That's an interesting question. I just had a look at the Grover schematic and don't quite understand it - no surprise there! I didn't know you could use PNP transistors like that. To my ignorant eye it would seem that the bias is controlled by the trim pot, the gain pot and R2. R4 plays a role obviously but as it's connected to the trimpot I would have thought that was negligible. Do I have this wrong?  And sorry for jumping into someone else's thread! I'm interested in how this works.


----------



## Chuck D. Bones (Sep 1, 2022)

Yes, you can build a FF "upside-down." That way you don't need a -9V rail to power a PNP circuit. You guys in Oz live in an upside-down world, so it should seem natural to you .  
Kidding aside, the first stage is a FF with the GAIN control implemented in a slightly different fashion.
Yes, the GAIN control & Bias trimpot can adjust the bias, but it's unclear whether they have sufficient range to accommodate the switch from Si to Ge.  Crispy will find out.  Turning the bias trim changes the bias on Q2 *and *the signal level going to IC1.1.  Crispy might need to adjust R2.


----------



## music6000 (Sep 1, 2022)

HamishR said:


> That's an interesting question. I just had a look at the Grover schematic and don't quite understand it - no surprise there! I didn't know you could use PNP transistors like that. To my ignorant eye it would seem that the bias is controlled by the trim pot, the gain pot and R2. R4 plays a role obviously but as it's connected to the trimpot I would have thought that was negligible. Do I have this wrong?  And sorry for jumping into someone else's thread! I'm interested in how this works.

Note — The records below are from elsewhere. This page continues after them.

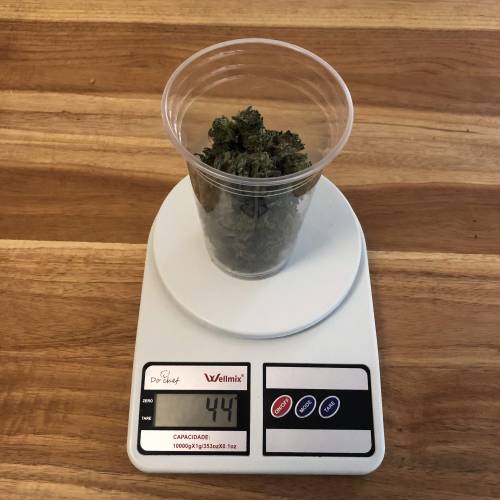 The 1 Liter Pot Experience. Week 11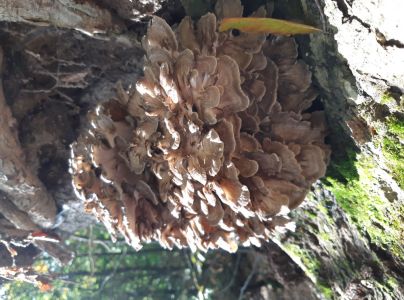 A - nie je v datab&aacute;ze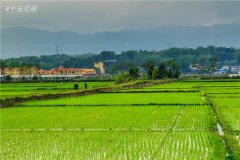 土壤水分速測儀調(diào)節(jié)土壤水分的方法？
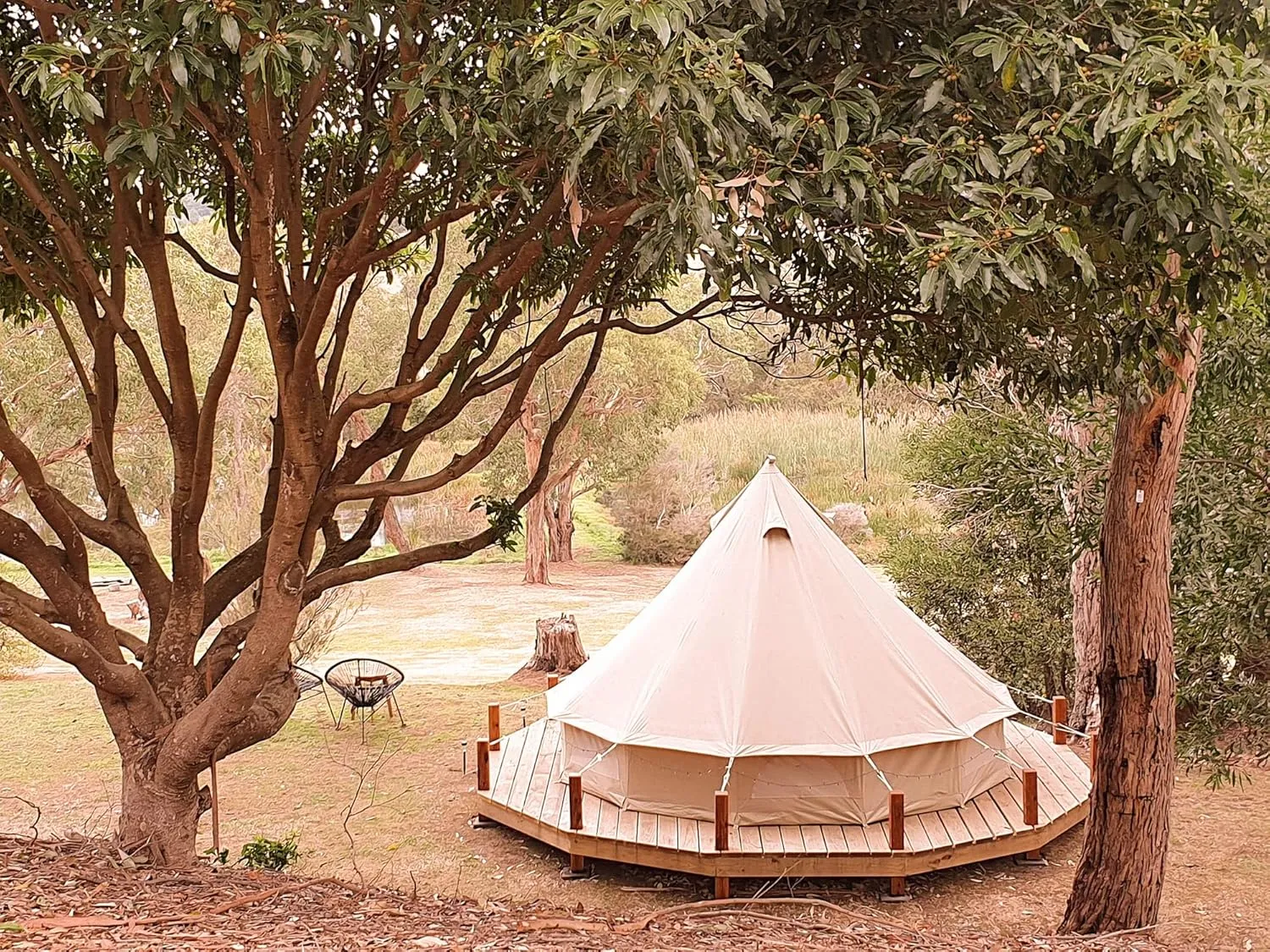 Psyclone Tents for Family Camping, Glamping, Hiking and Festival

I removed the 100nf Input cap from the Grover but there is still another 100nF cap amiss in that circuit I believe! 
Check out the 5lb Bag Fuzz, it's basically the same circuit, just 180 degrees!
I've built both and prefer the 5lb Bag any day!








						5lb Bag Fuzz - PedalPCB.com
					

Compare to Lovepedal 200lbs of Gold (Fuzz Side)




					www.pedalpcb.com


----------



## Chuck D. Bones (Sep 1, 2022)

When there is a Build Doc with a schematic, then we can talk intelligently about the 5lb Bag circuit design.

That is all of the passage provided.